Tabuni menyatakan enam tersangka prajurit Brigade Infanteri Raider 20/Ima Jaya Keramo harus diadili di Pengadilan Negeri Kota Mimika, supaya keluarga korban bisa menyaksikan dan merasa puas. Tabuni menyatakan masyarakat Papua tidak mempercayai peradilan militer.
“Harus sidang di Timika supaya kita (keluarga korban) bisa menyaksikan. Jika dibawa ke luar Timika, maka tidak ada keadilan bagi masyarakat Papua,” ujarnya.
Tabuni menyatakan enam prajurit tersangka prajurit Brigade Infanteri Raider 20/Ima Jaya Keramo harus mendapatkan hukum yang berat. Pihaknya juga meminta agar pihak kepolisian maupun TNI melakukan pencarian terakhir tubuh korban yang belum ditemukan.
“Mayat yang diserahkan ke keluarga itu tidak punya kepala, tangan dan kaki. (Kepolisian dan TNI) segera mencari bagian tubuh yang masih hilang hingga dapat,” ujarnya.
Mahasiswa lainnya, Kamus Bayage menyatakan pembunuhan dan mutilasi di Mimika merupakan tindakan tidak manusiawi. “Mutilasi di Timika ada watak predator, Kita tidak sama dengan binatang, kita manusia,” kata Bayage.
Bayage menyatakan kasus pembunuhan dan mutilasi di Mimika merupakan pelanggaran HAM. Ia mengajak semua pihak terutama mahasiswa wajib bersuara tentang kekerasan yang berulang-ulang terjadi di Papua.
“Jadi mahasiswa jangan pasif. Jika mahasiswa diam maka pelanggaran HAM terus terjadi. Jadi mahasiswa jangan takut bicara. Mari bicara bicara tentang pelanggaran HAM yang terjadi di Papua,” ujarnya.
Pantuan Jubi hingga pukul 12.20 WP mahasiswa masih berorasi di lingkaran Abepura. Sejumlah anggota DPR Papua juga sudah berada di lokasi aksi untuk mendengarkan aspirasi mahasiswa.
Pembunuhan dan mutilasi empat warga sipil asal Kabupaten Nduga terjadi di Satuan Pemukiman 1, Distrik Mimika Baru, Kabupaten Mimika pada 22 Agustus 2022 lalu. Keempat korban itu adalah Arnold Lokbere, Irian Nirigi, Lemaniel Nirigi, dan Atis Tini.

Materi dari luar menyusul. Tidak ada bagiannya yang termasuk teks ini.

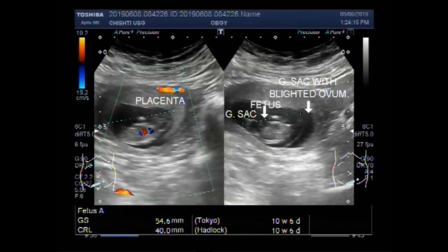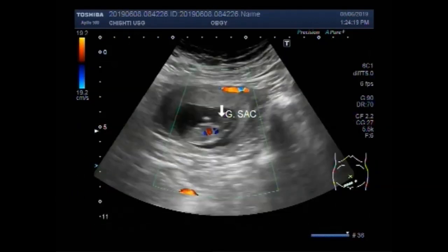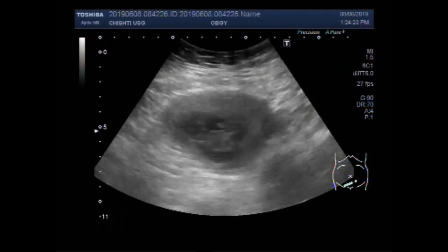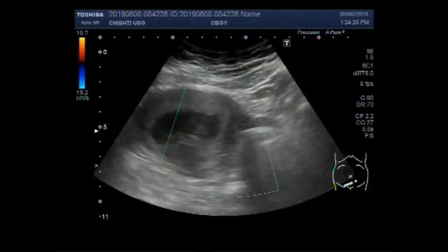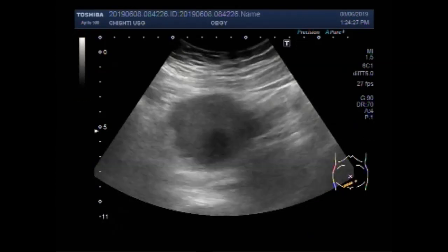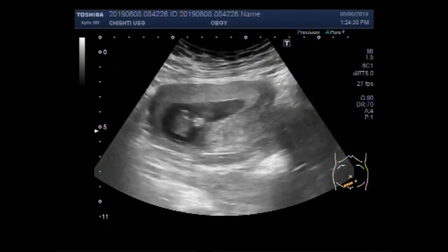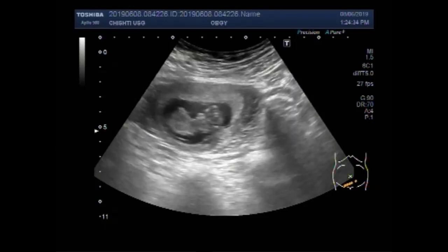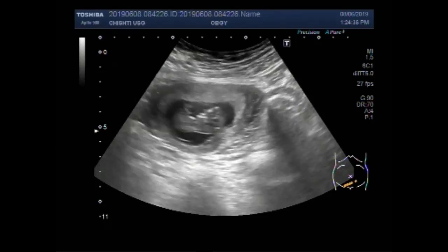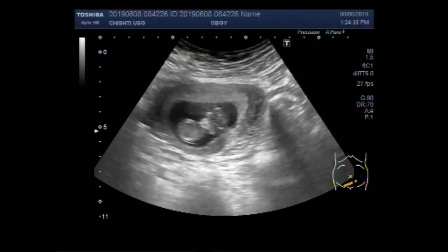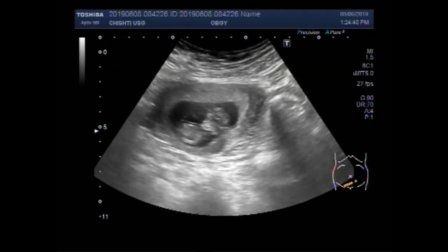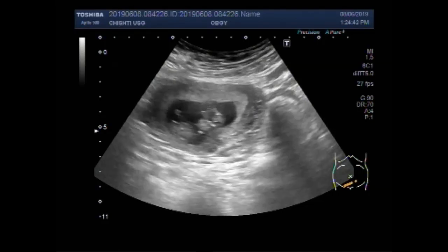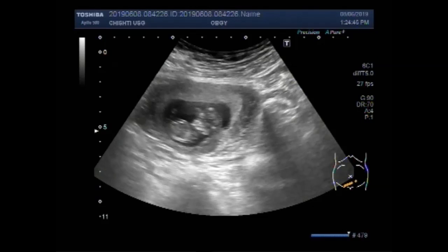Dear viewers, I hope you are all fine. This ultrasound video shows two gestational sacs in the uterus — one normal embryonic pregnancy and the other having a blighted ovum, or anembryonic gestational sac. You can see the normal fetus lying in the gestational sac with cardiac activity.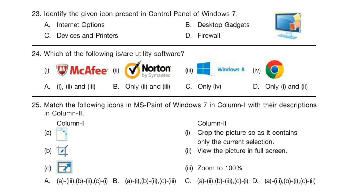Question 25. Match the following icons in MS Paint of Windows 7 in column 1 with their descriptions in column 2. Column 1 consists of icons and column 2 consists of descriptions; you have to match them.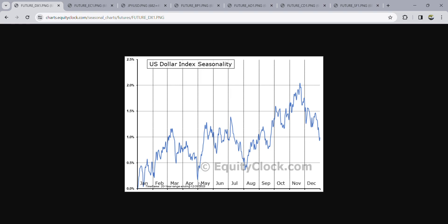The second dollar selling window is from the second to third week of March. The other opportunity runs from the first to second week of March until the last week of April to the first week of May. So those are the two selling setups for dollar.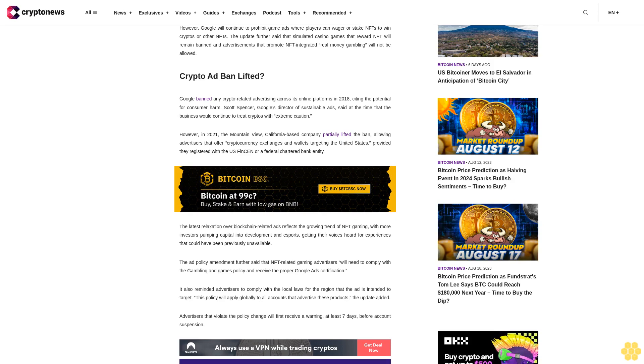The latest relaxation over blockchain-related ads reflects the growing trend of NFT gaming, with more investors pumping capital into development and esports, getting their voices heard for experiences that could have been previously unavailable.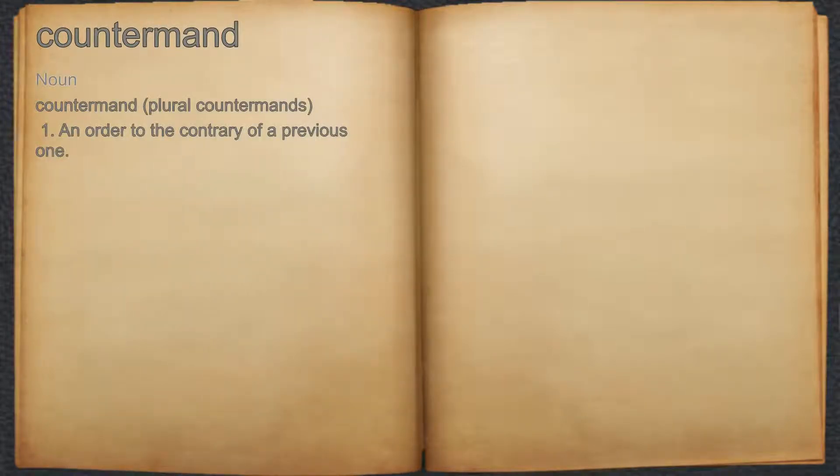Countermand. Noun. 1. An order to the contrary of a previous one.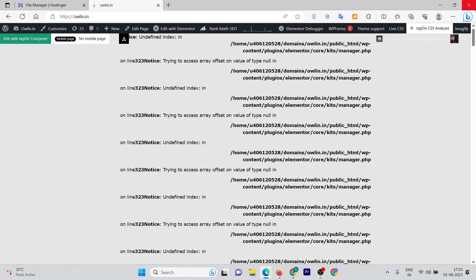As you can see, it's giving a notice. It's not an error and it's not causing a big issue right now, but in the future it can cause some issues, so we need to resolve this as soon as possible.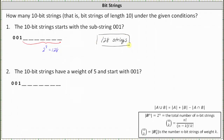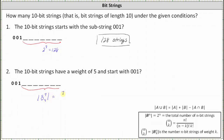Number two: how many 10-bit strings have a weight of 5 and start with 001? The 10-bit strings will be in the same form, where again we have seven unknown binary digits. Notice how 001 has a weight of 1, and since we want the 10-bit strings that have a weight of 5, the weight of this 7-bit string must be 4. The number of 7-bit strings with a weight of 4 is equal to the cardinality of B(7,4), which equals 7 choose 4.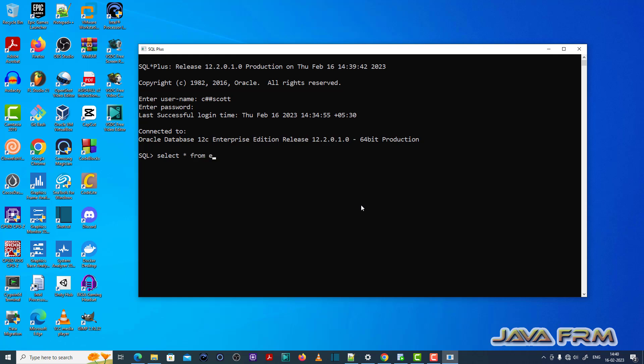Now what I'm going to do: select star from employees3. There is one table called employees3 that contains some records. Note that the employee number column has duplicate entries.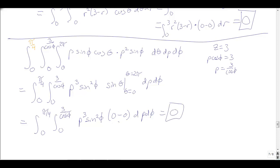So I did this problem in cylindrical coordinates and then spherical coordinates, and both give 0. But really, thinking about it geometrically first — recognizing the symmetry of the cone about x = 0 — tells you the answer is 0 right away.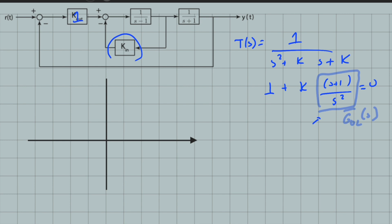If I draw the root locus of this transfer function, it will be the root locus of the whole closed-loop system with respect to k_n, with k_out equal to 1 in this problem. In this open-loop transfer function, we have two poles and they are both located at the origin — a double pole. Root locus starts from the poles and goes to zeros, so at k = 0, the system acts like a double integrator, which is an unstable system. We also have a zero at s = −1.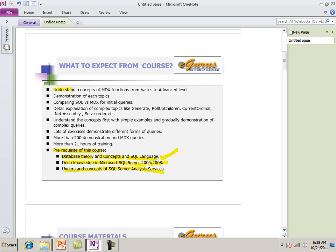Understand the concept of MDX function from basics to an advanced level. Demonstration of each topics. We do a lot of demonstration. We do concept but after that definitely we just don't leave in the concept level or definition level. We show it as a demonstration.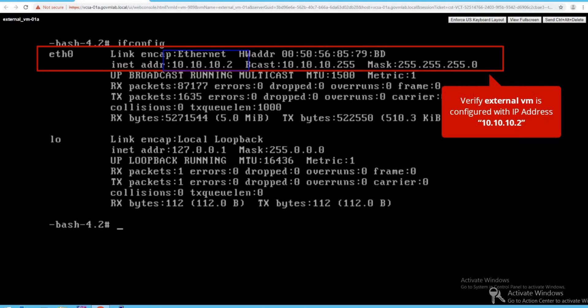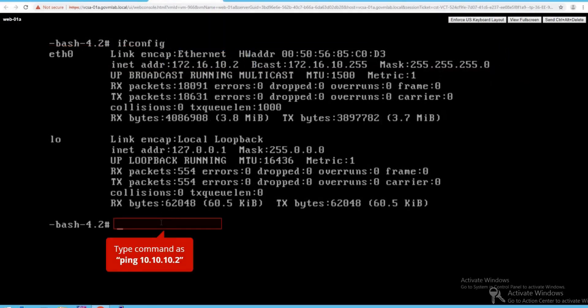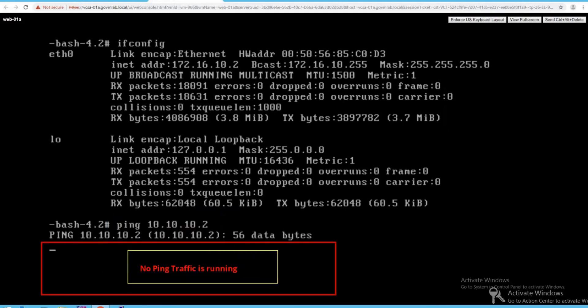Let's go back to our web VM and run the command ping 10.10.10.2 to check connectivity between our web VM and our external VM. Press Enter and as you can see, communication doesn't work — there is no ping traffic, even though we have deployed the edge services gateway. Because no routing configurations have been done yet, communication is not enabled, and that's what we're going to configure now.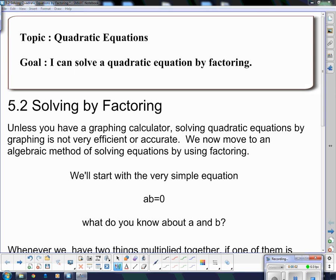Hello and welcome, ladies and gentlemen, to your next lesson on quadratic equations. Our goal: I can solve a quadratic equation by factoring.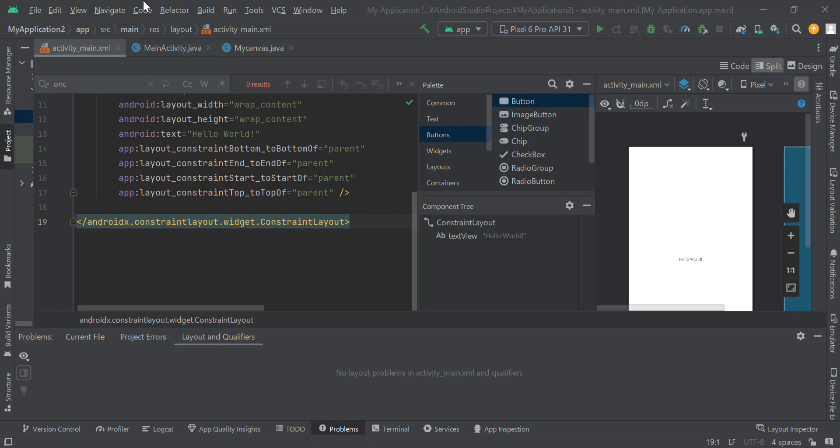Hello everyone, today in this article, I will explain how to handle and solve the Android Studio missing constraints in constraint layout error.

Polisi Militer Komando Daerah Militer (Kodam) XVII/Cenderawasih telah menetapkan enam prajurit Brigade Infanteri Raider 20/Ima Jaya Keramo sebagai kasus kasus itu, yaitu Mayor Hf, Kapten Dk, Praka Pr, Pratu Ras, Pratu Pc, dan Pratu R. Sementara penyidikan Kepolisian Daerah (Polda) Papua telah menetapkan empat warga sipil sebagai tersangka kasus yang sama, yaitu APL alias Jeck, DU, R, dan RMH yang hingga saat ini masih menjadi buronan.
Sebelumnya Kepala Kejaksaan Tinggi Papua, Nikolaus Kondomo menyatakan Kejaksaan Tinggi Papua tidak terlibat dalam penanganan kasus pembunuhan dan mutilasi empat warga Nduga di Kabupaten Mimika. Hal itu dinyatakan Kondomo di Kota Jayapura, Senin (3/10/2022).
“Kejati Papua belum menangani [kasus pembunuhan dan mutilasi di Mimika],” kata Kondomo kepada wartawan yang meliput Asisten Pidana Militer Kejaksaan Tinggi Papua yang berlangsung di Kota Jayapura pada Senin (3/10/2022).
Pembunuhan dan mutilasi empat warga sipil asal Kabupaten Nduga terjadi di Satuan Pemukiman 1, Distrik Mimika Baru, Kabupaten Mimika pada 22 Agustus 2022 lalu. Keempat korban itu adalah Arnold Lokbere, Irian Nirigi, Lemaniel Nirigi, dan Atis Tini.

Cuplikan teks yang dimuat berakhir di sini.